[[ Dataset content open ]]
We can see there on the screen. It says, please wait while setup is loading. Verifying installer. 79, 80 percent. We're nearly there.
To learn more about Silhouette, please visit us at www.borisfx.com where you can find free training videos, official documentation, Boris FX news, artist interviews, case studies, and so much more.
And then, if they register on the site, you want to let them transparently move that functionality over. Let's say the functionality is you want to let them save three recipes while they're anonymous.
[[ Dataset content closed ]]
[[ Dataset content open ]]
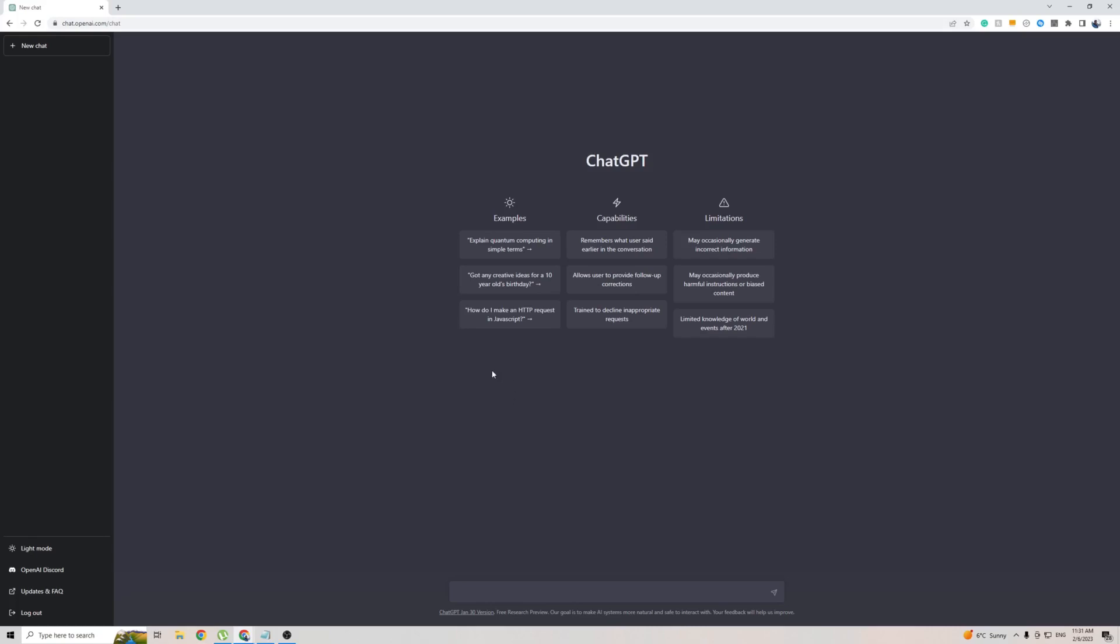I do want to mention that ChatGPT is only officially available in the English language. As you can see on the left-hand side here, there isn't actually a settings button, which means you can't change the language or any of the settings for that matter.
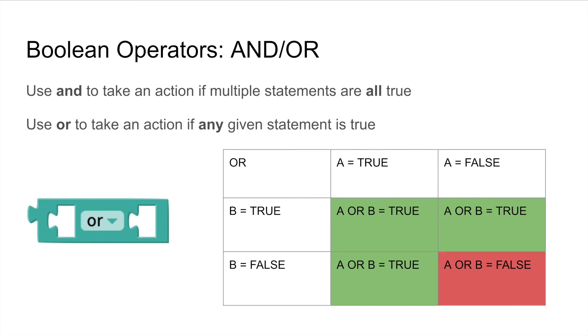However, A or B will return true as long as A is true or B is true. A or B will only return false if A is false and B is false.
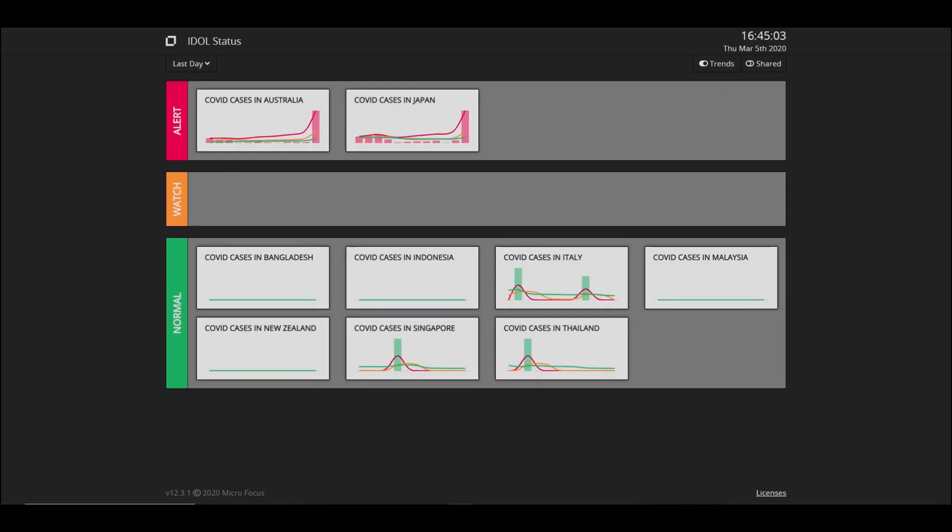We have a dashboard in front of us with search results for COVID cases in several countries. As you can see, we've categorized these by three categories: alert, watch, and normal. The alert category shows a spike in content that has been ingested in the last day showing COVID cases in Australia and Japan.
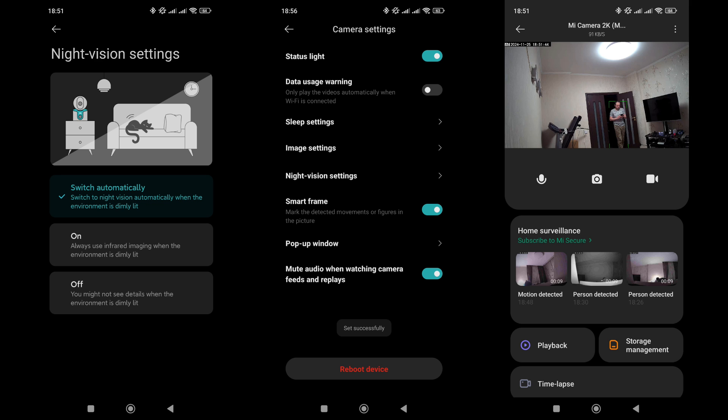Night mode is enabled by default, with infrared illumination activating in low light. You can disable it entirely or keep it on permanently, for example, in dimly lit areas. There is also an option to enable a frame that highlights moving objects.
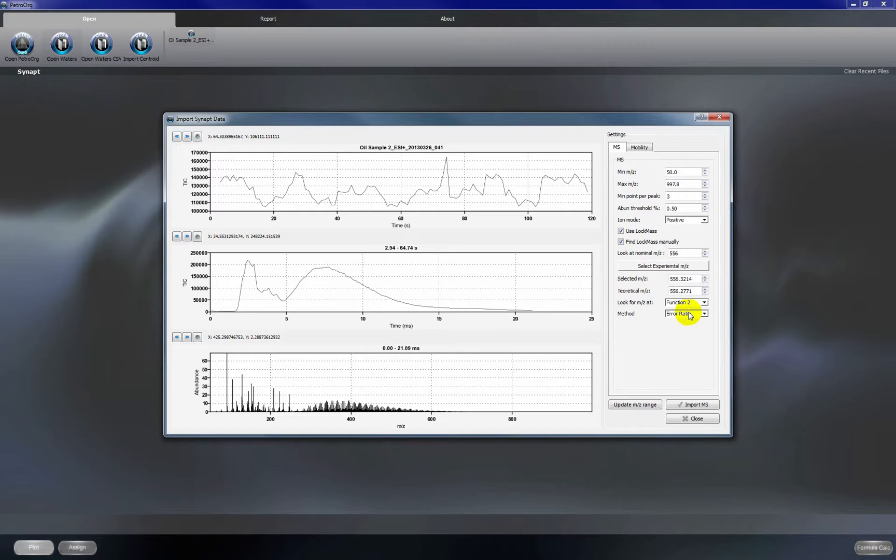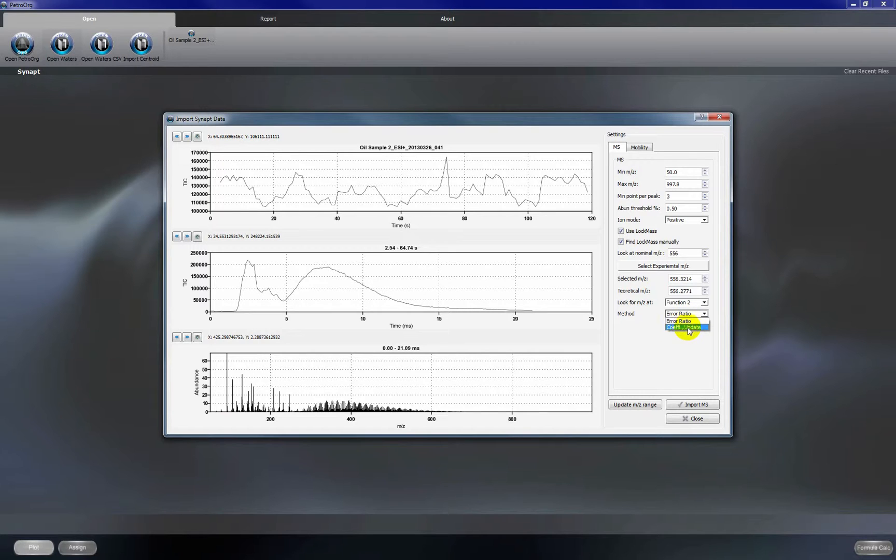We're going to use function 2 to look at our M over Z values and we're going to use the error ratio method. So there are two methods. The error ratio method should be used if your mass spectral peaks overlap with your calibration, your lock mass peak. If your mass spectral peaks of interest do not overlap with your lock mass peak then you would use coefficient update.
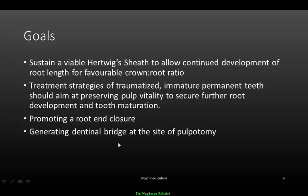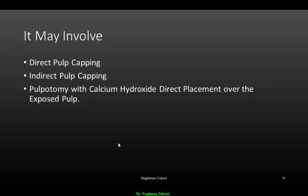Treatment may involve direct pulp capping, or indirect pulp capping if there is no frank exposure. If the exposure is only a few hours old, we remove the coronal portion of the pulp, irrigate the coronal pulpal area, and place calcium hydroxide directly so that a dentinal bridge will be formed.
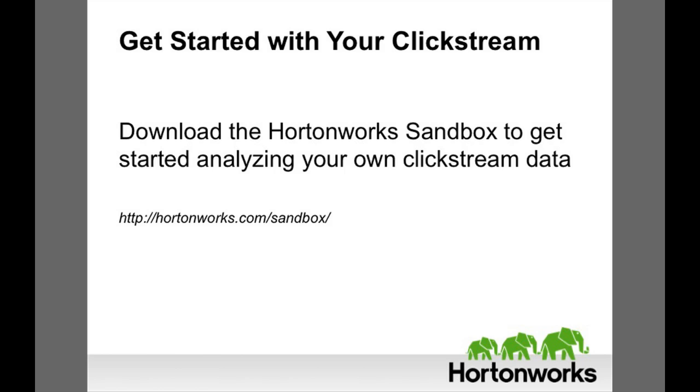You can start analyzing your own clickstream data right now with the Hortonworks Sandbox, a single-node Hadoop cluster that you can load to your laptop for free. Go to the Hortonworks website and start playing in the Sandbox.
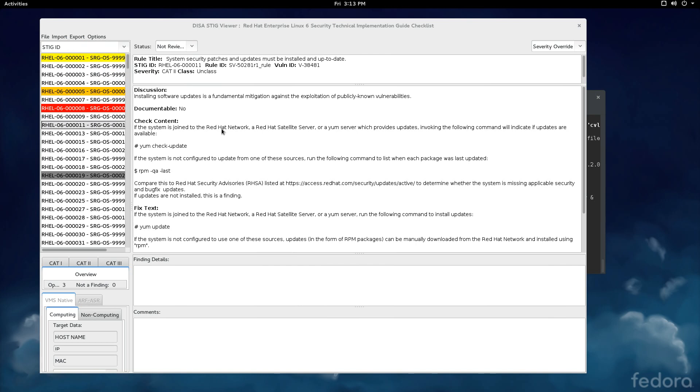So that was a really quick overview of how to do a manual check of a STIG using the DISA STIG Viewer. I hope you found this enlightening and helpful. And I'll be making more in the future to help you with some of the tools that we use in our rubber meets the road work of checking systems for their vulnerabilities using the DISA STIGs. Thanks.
[[ Dataset content closed ]]
- **Problem description**:
Output should consist of the lines above from the one with "You can start" down to the one with "So that was", exact and without pictures.

- **Exercise answer**:
You can start analyzing your own clickstream data right now with the Hortonworks Sandbox, a single-node Hadoop cluster that you can load to your laptop for free. Go to the Hortonworks website and start playing in the Sandbox.
So that was a really quick overview of how to do a manual check of a STIG using the DISA STIG Viewer. I hope you found this enlightening and helpful. And I'll be making more in the future to help you with some of the tools that we use in our rubber meets the road work of checking systems for their vulnerabilities using the DISA STIGs. Thanks.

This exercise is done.